Dark glasses have their place. Some people may not need them, because their facial features and eyes look pretty "normal:". But, in the case of, either a disfigured appearance or, as in my case, prosthetics, I believe it's better to wear them.
A blind person can be a "stereotypical blind person" with or without the dark glasses. It's all in the attitude and self-confidence. So, I believe attitude is the deciding factor.
Cindy Handel Willow Street, PA
**25. This is a difficult issue for me. My left eye is almost closed and I see very little out of it. My right eye has tunnel vision and with a contact lens, I have 20/200 vision. I'm cross-eyed as well. If I covered up my eyes with dark glasses, I'd avoid looking weird and disfigured, but would give up some usable vision. I almost always wear dark glasses outside, because glare makes me uncomfortable. I feel comfortable and less exposed to the world. When I put my glasses back in my purse, I know I have two narrow eyes that won't work together and can't really make eye contact with others.
Michael J. Fox said it best. With disabilities, you get what you get. The best I can do is feel as comfortable with myself as I can, and not be alienated from my nystagmus and shifting eyes. Or, for that matter, my wrinkles and gray hair. It's a complex issue that can't really be handled in one thought provoker. There's my beginning.

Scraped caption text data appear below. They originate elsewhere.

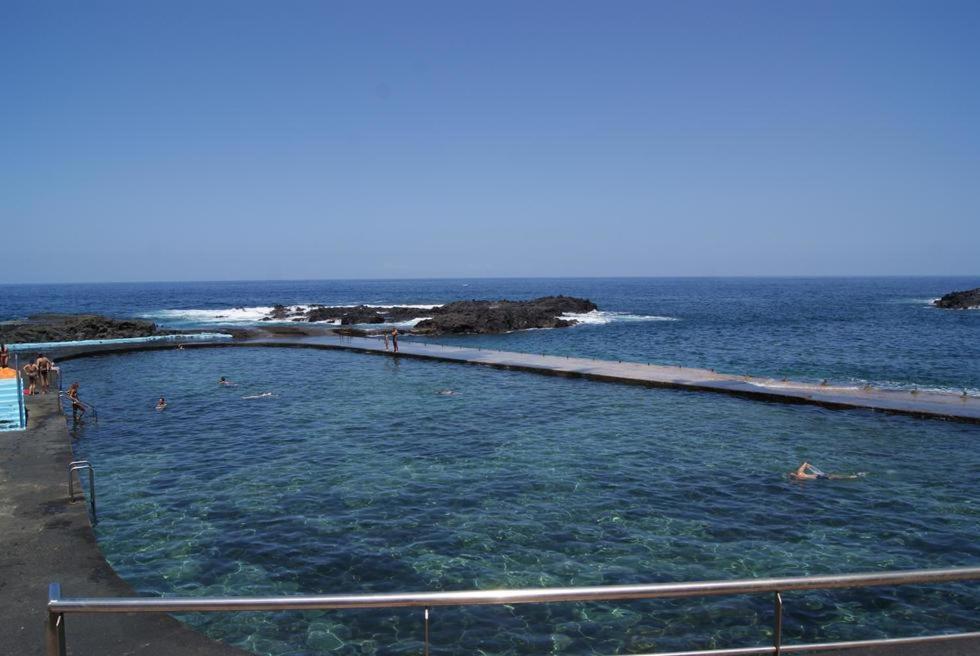 a swimming pool in the ocean with people in it at Casa RITI Mesa del Mar in Tacoronte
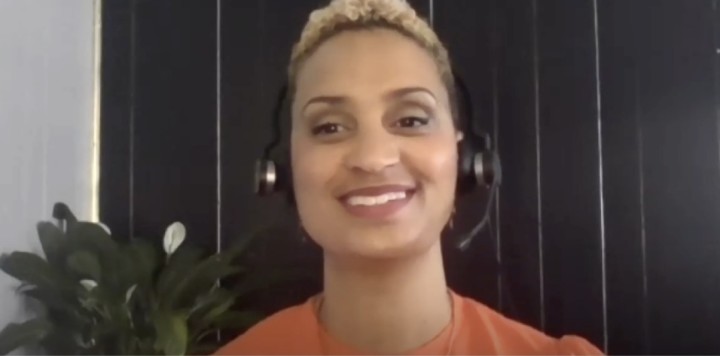 Audible VP, Urban Innovation, Aisha Glover sits talking on camera for the SXSW panel. She is wearing headphones and an orange sweater. There is a flowering plant in the background.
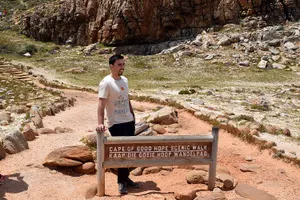 Man leaning on a sign that says CAPE OF GOOD HOPE SCENIC WALK
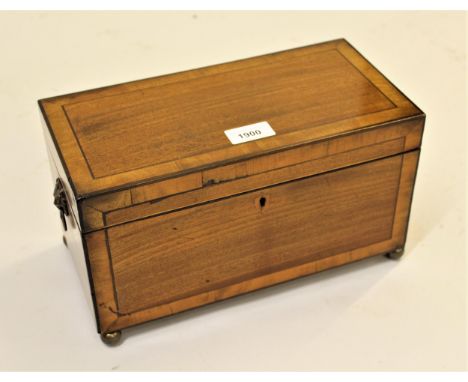 George III mahogany and satinwood crossbanded rectangular three division tea caddy with hinged cover and lion ring end handle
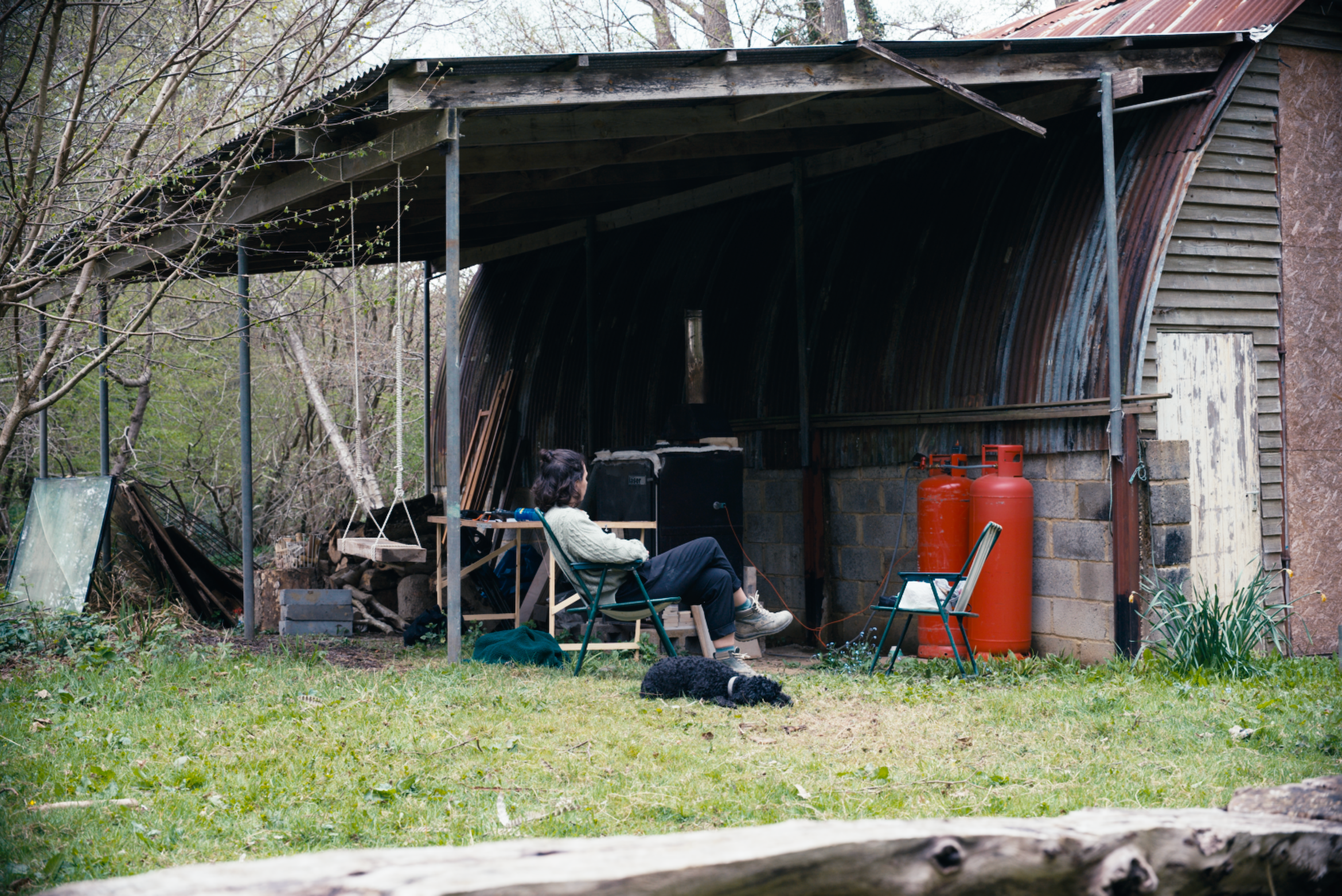 A woman sitting on a lawn chair, with a dog lying on the grass nearby the kiln site, in a wooded backyard setting with trees and a rustic shed.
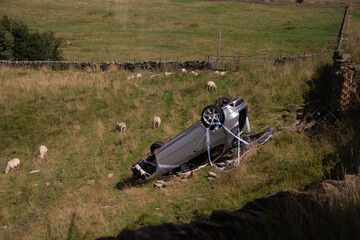 An upturned car in the peak district on a main road between Macclesfield, Cheshure and Buxton,...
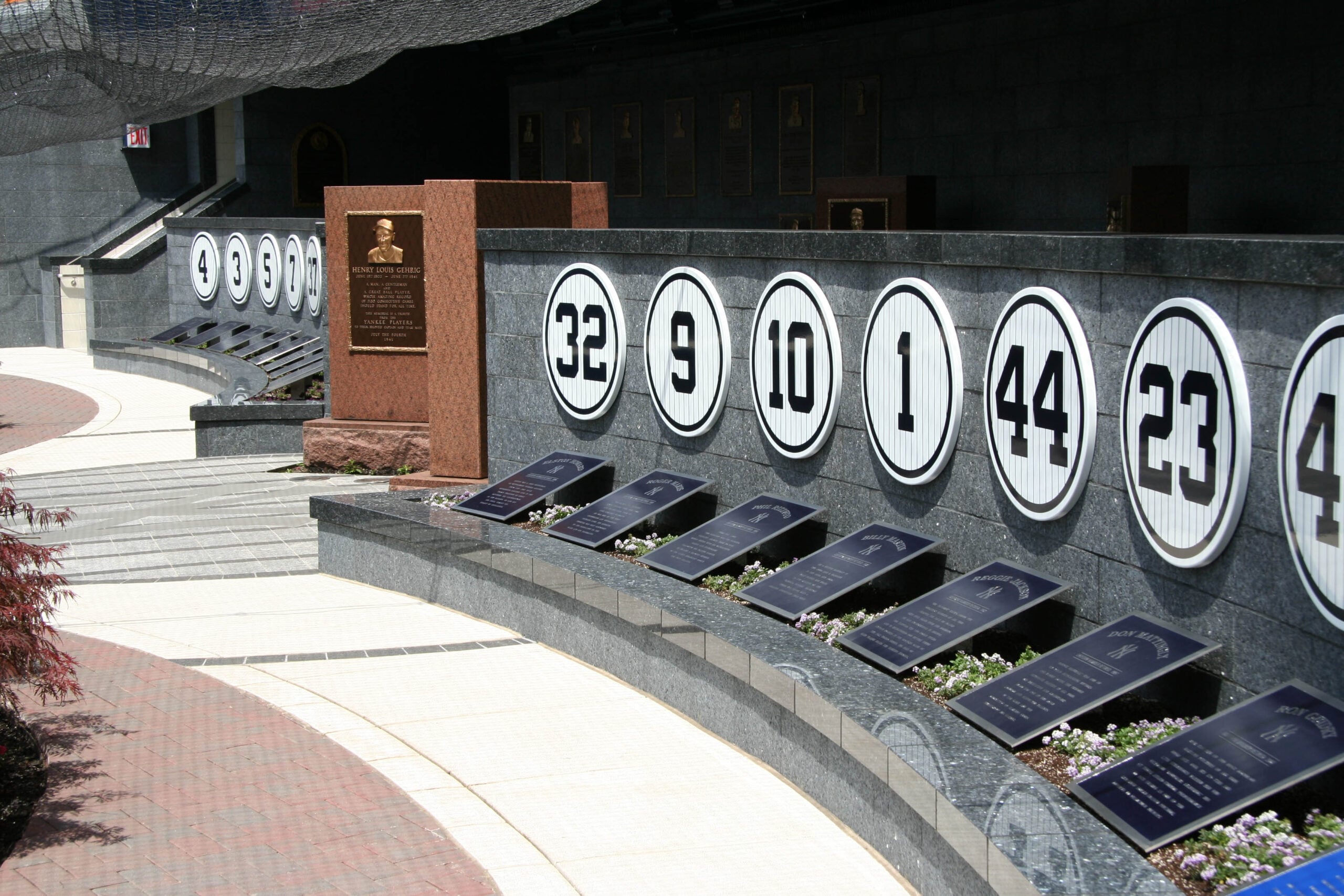 The wall of retired numbers and bronze plaques honoring Yankees greats in Monument Park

Abby Vincent ACB-L listserv
**26. Do you find the ones with style? To keep up with the glasses trend? Or just by dark glasses?
Dar ACB-L listserv
**27. For dark glasses, I keep my old pair, and get a new pair, then have the old pair dyed, then just keep the light pair for things like t v and the like.
John ACB-L listserv
**28. In my youth, I scoffed at blind folks who wore dark glasses, wrongly assuming they were trying to hide something. For about 30 years, I wore two prosthetic eyes, hoping they made me look "normal." One of them always fit quite well and was comfortable, but the other gave me trouble right from the very beginning, even after I had them refitted at significant cost two different times. Then one day I got to thinking about it, and it occurred to me that I was very tired of having my eye socket ache by the end of each day. When I was tired, my eye would water and really bother me terribly. It also occurred to me that even with prostheses I still look like a blind person, which is what I am. The idea of wearing sunglasses suddenly seemed appealing to me. I could avoid all of the discomfort of the prostheses, not have to worry about whether my eyes were too wide open or too closed, and not have to always be checking to make sure there was no mucous visible on the prostheses. (Sorry, but that's how it is).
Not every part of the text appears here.